The evils of bad company
“A man is known by the company that he keeps.” The proverb is illustrated by the experience of all ages.
I. Of necessary intercourse with the wicked.

  1. In society and trade. Conversation is permitted in buying, selling, and following out ordinary commercial transactions.
  2. We may have intercourse with others for their good. Christ Jesus conversed with sinners to gain them.
    II. Avoid unnecessary familiarity. Avoid the sins of the ungodly. If impelled by position, connection, or business to associate, beware of compliance in sin. The nearest tie cannot sanction participation in sin. Many reasons dissuade from undue familiarity. You cannot be familiar and escape contagion. The conversation of the wicked has more power to corrupt than the conversation of the good to ameliorate. These observations are peculiarly addressed to the young whose habits are, forming, whose character is moulding.
    III. Some classes of dangerous characters to be avoided by the young man.
  3. Beware of the idle. Idleness exposes to all forms of temptation.
  4. Beware of the selfish and covetous. There is grave danger that you be affected with this spirit, and your sole determination be by all means to get wealth. Covetousness is a deceitful sin. It leads to innumerable evils.
  5. Beware of the loose and erroneous. Those who are neglecting religion. The Sabbath-breaker. Those naturally disposed to error.
  6. Beware of those who frequent suspicious places. Choose for companions persons of moral worth, those who fear the Lord. (Samuel Spence.)

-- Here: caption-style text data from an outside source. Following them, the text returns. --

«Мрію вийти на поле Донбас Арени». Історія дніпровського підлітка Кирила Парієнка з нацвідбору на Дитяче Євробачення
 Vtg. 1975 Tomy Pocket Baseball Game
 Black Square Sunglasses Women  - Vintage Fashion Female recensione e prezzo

Companionship with the highest wisdom
It is as we contemplate the Divine perfections that our souls are lifted toward the same perfection. The man who moves in cultivated society acquires refined tastes—a high ideal. The eye is educated by the most perfect specimens of art; the ear is educated by the most graceful forms of speech; the manners are formed upon the most elegant models of deportment. Walking in the light, he becomes a child of the light. So with the believer. The coteries of human society may be closed to him. From its select circles he may be hopelessly excluded. But the highest culture of all is open to him in the society of God. He may walk in the supernal light, and form his character upon a Divine model. Communion in the spiritual sphere, as well as in the social, implies assimilation. We become like those we walk with. (J. Halsey.)

Godly society improving
When General Nicholson lay wounded on his death-bed before Delhi, he dictated this last message to his equally noble and gallant friend, Sir Herbert Edwardes: “Tell him I should have been a better man if I had continued to live with him, and our heavy public duties had not prevented my seeing more of him privately. I was always the better for a residence with him and his wife, however short. Give my love to them both!” (Christian Weekly.)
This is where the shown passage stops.